These are the key concepts you need to understand to accurately answer the question.

Chance Experiments
A chance experiment is any process that generates a well-defined outcome that cannot be predicted with certainty before the experiment is carried out. In the problem at hand, the experiment involves tasting three identical glasses of cola labeled C, D, and P, and ranking them in order of preference. The outcome in this situation is the order of preference.

Each possible outcome of a chance experiment is known as a simple event. The simple events here are the different possible orderings the individual could list the glasses, given the tastes are indistinguishable. It is crucial to ensure that these events are well-defined and mutually exclusive for correct probability assignment.
Probability Assignment
In probability assignment, each simple event from a chance experiment is allocated a probability value, which is a measure of the likelihood of that event occurring. These values should always sum up to 1, because the certainty of some event happening is absolute. In the cola tasting experiment, the probability assignment is straightforward since there is no bias in ranking preferences and the individual is equally likely to choose any order.

This assignment assumes all outcomes are equally probable, known as a uniform probability distribution. Each of the 6 possible permutations (listed in step 1 of the solution) are assigned a probability of \(1/6\), reflecting an equal chance of any sequence being the chosen one.
Permutations
A permutation is an arrangement of a set of items in a specific order. In the provided problem, we deal with arranging three items (C, D, and P).
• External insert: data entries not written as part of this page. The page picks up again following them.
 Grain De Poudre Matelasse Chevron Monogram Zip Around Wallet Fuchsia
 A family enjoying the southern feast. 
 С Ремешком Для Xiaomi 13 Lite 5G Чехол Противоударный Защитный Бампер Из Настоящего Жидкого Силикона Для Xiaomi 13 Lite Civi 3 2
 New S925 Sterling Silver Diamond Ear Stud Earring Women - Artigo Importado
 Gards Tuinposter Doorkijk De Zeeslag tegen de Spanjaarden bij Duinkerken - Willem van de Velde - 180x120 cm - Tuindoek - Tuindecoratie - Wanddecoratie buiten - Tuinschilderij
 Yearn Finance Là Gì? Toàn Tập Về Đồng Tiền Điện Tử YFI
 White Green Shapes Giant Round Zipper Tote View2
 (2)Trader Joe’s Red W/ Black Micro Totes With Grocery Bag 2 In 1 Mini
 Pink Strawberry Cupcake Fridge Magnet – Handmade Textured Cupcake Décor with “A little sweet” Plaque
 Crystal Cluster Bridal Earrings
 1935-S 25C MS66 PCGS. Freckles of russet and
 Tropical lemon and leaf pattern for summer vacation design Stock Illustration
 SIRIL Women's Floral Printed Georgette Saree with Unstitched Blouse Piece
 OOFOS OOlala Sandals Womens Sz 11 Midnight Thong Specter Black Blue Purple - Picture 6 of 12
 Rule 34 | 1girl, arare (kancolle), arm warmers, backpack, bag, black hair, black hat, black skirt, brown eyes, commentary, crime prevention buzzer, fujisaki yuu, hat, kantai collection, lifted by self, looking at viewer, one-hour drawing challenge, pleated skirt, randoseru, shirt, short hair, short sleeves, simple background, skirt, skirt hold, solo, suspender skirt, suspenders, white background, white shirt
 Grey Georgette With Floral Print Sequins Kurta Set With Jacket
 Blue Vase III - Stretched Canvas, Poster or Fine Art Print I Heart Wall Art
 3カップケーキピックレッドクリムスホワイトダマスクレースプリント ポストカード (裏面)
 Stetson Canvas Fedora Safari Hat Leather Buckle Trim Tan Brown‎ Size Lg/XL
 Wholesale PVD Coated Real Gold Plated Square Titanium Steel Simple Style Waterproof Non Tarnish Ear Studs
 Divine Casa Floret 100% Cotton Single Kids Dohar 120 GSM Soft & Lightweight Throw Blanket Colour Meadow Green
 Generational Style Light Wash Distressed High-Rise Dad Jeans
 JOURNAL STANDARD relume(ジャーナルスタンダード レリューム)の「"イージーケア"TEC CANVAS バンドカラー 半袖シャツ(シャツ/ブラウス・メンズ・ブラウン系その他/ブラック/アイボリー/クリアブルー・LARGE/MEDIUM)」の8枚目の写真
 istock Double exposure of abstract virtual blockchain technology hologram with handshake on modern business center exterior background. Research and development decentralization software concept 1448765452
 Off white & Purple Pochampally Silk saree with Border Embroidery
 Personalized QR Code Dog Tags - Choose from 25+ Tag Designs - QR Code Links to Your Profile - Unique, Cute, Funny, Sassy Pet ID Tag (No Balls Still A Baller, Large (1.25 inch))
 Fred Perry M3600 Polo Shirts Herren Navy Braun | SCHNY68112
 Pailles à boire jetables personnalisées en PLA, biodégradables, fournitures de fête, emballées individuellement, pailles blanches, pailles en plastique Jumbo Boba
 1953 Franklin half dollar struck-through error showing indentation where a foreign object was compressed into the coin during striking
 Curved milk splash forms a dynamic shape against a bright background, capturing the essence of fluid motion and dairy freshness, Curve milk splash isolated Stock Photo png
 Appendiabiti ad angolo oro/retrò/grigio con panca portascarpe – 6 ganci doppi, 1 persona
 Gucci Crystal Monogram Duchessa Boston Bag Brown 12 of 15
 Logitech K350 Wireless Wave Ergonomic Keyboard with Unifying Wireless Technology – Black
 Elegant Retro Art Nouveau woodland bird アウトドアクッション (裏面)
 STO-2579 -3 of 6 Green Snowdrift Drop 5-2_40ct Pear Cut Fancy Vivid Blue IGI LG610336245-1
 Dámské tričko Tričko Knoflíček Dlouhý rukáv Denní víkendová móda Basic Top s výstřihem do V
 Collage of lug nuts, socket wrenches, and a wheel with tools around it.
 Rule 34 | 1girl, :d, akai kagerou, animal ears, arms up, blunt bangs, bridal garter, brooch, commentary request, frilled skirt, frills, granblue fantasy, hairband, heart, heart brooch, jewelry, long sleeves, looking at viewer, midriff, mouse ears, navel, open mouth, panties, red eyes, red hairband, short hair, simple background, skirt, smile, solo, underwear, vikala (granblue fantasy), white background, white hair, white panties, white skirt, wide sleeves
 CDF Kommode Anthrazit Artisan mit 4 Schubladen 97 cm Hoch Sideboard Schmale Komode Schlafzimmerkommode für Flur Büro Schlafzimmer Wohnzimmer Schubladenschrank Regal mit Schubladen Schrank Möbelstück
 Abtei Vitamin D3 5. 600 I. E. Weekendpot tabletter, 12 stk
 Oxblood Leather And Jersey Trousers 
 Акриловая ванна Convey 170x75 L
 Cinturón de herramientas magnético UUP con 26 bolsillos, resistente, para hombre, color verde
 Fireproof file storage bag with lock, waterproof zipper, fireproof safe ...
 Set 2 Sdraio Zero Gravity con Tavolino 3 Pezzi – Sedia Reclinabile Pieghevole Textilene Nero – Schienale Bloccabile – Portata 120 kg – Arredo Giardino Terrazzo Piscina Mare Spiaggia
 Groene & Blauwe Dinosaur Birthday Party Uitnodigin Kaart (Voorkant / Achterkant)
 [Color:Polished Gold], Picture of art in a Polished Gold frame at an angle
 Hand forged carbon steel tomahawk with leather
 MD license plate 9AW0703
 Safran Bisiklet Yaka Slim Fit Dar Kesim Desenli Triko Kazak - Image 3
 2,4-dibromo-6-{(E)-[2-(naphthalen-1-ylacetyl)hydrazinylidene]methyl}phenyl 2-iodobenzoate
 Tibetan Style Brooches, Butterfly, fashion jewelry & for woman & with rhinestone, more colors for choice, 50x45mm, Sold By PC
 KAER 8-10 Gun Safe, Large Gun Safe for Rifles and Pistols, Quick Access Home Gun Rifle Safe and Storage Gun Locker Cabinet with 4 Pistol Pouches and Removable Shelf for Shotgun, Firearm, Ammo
The number of permutations of 'n' distinct items is given by the factorial of 'n', represented as 'n!'.

For example, with three items (C, D, and P), there are 3! (which is 3*2*1) permutations, giving us a total of 6 possible different orderings. It's these permutations that represent the simple events in our chance experiment. Understanding the concept of permutations is essential for correctly identifying potential outcomes in similar probability problems.
Outcome Probabilities
Determining outcome probabilities is the essence of solving any probability problem. It involves figuring out the likelihood of each individual outcome within a set of possible outcomes. Once we have our list of simple events from a chance experiment, like the different orderings of cola glasses C, D, and P, we must calculate the probability of each event.

To improve the comprehensibility of outcome probabilities, consider visual aids like tree diagrams or lists. In our problem, the specific outcome probabilities were calculated in two parts: the probability of C being ranked first (\(1/3\)), and the probability of C being first and D being last (\(1/6\)). These calculations depend on counting the favorable outcomes against the total number of possible outcomes.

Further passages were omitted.